- [Try it]
Each record must be printed again exactly as it appears.

[Input data — start]

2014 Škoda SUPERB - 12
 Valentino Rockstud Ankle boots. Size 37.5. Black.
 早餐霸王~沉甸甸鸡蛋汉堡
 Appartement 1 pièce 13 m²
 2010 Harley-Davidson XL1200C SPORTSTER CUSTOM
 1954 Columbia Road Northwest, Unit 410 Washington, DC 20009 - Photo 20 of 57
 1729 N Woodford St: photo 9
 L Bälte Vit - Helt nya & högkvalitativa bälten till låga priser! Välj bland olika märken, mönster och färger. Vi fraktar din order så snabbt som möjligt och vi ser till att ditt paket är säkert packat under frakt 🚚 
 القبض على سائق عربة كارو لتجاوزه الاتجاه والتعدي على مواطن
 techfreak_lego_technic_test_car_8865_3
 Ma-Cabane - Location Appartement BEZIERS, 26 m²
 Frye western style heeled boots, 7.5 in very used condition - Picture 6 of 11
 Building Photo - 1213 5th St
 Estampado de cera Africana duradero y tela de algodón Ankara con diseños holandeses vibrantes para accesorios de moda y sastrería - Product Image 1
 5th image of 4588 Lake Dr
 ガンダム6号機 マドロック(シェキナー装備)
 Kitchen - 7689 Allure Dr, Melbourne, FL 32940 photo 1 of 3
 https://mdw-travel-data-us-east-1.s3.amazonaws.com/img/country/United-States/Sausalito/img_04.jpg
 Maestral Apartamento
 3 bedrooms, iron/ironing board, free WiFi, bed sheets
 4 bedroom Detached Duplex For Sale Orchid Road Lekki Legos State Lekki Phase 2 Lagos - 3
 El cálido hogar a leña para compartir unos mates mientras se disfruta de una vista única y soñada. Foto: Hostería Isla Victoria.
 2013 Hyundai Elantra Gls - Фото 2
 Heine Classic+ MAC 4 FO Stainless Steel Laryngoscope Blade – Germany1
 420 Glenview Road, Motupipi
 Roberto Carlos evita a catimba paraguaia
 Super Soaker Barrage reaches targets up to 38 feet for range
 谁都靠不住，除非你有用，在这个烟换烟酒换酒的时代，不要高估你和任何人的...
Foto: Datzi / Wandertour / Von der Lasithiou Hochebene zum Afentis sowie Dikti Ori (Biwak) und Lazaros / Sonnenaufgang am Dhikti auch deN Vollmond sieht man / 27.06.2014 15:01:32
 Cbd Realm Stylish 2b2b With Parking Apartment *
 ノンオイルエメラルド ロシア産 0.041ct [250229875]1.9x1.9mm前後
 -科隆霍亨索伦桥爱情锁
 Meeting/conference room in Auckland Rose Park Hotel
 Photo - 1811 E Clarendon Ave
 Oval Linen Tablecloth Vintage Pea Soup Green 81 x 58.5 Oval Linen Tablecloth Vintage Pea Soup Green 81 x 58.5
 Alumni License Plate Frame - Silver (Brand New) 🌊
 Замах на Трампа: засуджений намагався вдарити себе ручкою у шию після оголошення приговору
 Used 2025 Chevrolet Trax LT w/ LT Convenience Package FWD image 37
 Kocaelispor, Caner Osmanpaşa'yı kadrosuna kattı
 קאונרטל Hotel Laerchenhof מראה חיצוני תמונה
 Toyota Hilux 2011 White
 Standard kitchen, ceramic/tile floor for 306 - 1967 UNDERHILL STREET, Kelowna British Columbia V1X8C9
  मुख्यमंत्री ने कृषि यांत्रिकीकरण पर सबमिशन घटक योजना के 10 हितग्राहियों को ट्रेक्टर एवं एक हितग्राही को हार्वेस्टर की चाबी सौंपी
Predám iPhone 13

[Input data — finish]

- [Output below]
2014 Škoda SUPERB - 12
 Valentino Rockstud Ankle boots. Size 37.5. Black.
 早餐霸王~沉甸甸鸡蛋汉堡
 Appartement 1 pièce 13 m²
 2010 Harley-Davidson XL1200C SPORTSTER CUSTOM
 1954 Columbia Road Northwest, Unit 410 Washington, DC 20009 - Photo 20 of 57
 1729 N Woodford St: photo 9
 L Bälte Vit - Helt nya & högkvalitativa bälten till låga priser! Välj bland olika märken, mönster och färger. Vi fraktar din order så snabbt som möjligt och vi ser till att ditt paket är säkert packat under frakt 🚚 
 القبض على سائق عربة كارو لتجاوزه الاتجاه والتعدي على مواطن
 techfreak_lego_technic_test_car_8865_3
 Ma-Cabane - Location Appartement BEZIERS, 26 m²
 Frye western style heeled boots, 7.5 in very used condition - Picture 6 of 11
 Building Photo - 1213 5th St
 Estampado de cera Africana duradero y tela de algodón Ankara con diseños holandeses vibrantes para accesorios de moda y sastrería - Product Image 1
 5th image of 4588 Lake Dr
 ガンダム6号機 マドロック(シェキナー装備)
 Kitchen - 7689 Allure Dr, Melbourne, FL 32940 photo 1 of 3
 https://mdw-travel-data-us-east-1.s3.amazonaws.com/img/country/United-States/Sausalito/img_04.jpg
 Maestral Apartamento
 3 bedrooms, iron/ironing board, free WiFi, bed sheets
 4 bedroom Detached Duplex For Sale Orchid Road Lekki Legos State Lekki Phase 2 Lagos - 3
 El cálido hogar a leña para compartir unos mates mientras se disfruta de una vista única y soñada. Foto: Hostería Isla Victoria.
 2013 Hyundai Elantra Gls - Фото 2
 Heine Classic+ MAC 4 FO Stainless Steel Laryngoscope Blade – Germany1
 420 Glenview Road, Motupipi
 Roberto Carlos evita a catimba paraguaia
 Super Soaker Barrage reaches targets up to 38 feet for range
 谁都靠不住，除非你有用，在这个烟换烟酒换酒的时代，不要高估你和任何人的...
Foto: Datzi / Wandertour / Von der Lasithiou Hochebene zum Afentis sowie Dikti Ori (Biwak) und Lazaros / Sonnenaufgang am Dhikti auch deN Vollmond sieht man / 27.06.2014 15:01:32
 Cbd Realm Stylish 2b2b With Parking Apartment *
 ノンオイルエメラルド ロシア産 0.041ct [250229875]1.9x1.9mm前後
 -科隆霍亨索伦桥爱情锁
 Meeting/conference room in Auckland Rose Park Hotel
 Photo - 1811 E Clarendon Ave
 Oval Linen Tablecloth Vintage Pea Soup Green 81 x 58.5 Oval Linen Tablecloth Vintage Pea Soup Green 81 x 58.5
 Alumni License Plate Frame - Silver (Brand New) 🌊
 Замах на Трампа: засуджений намагався вдарити себе ручкою у шию після оголошення приговору
 Used 2025 Chevrolet Trax LT w/ LT Convenience Package FWD image 37
 Kocaelispor, Caner Osmanpaşa'yı kadrosuna kattı
 קאונרטל Hotel Laerchenhof מראה חיצוני תמונה
 Toyota Hilux 2011 White
 Standard kitchen, ceramic/tile floor for 306 - 1967 UNDERHILL STREET, Kelowna British Columbia V1X8C9
  मुख्यमंत्री ने कृषि यांत्रिकीकरण पर सबमिशन घटक योजना के 10 हितग्राहियों को ट्रेक्टर एवं एक हितग्राही को हार्वेस्टर की चाबी सौंपी
Predám iPhone 13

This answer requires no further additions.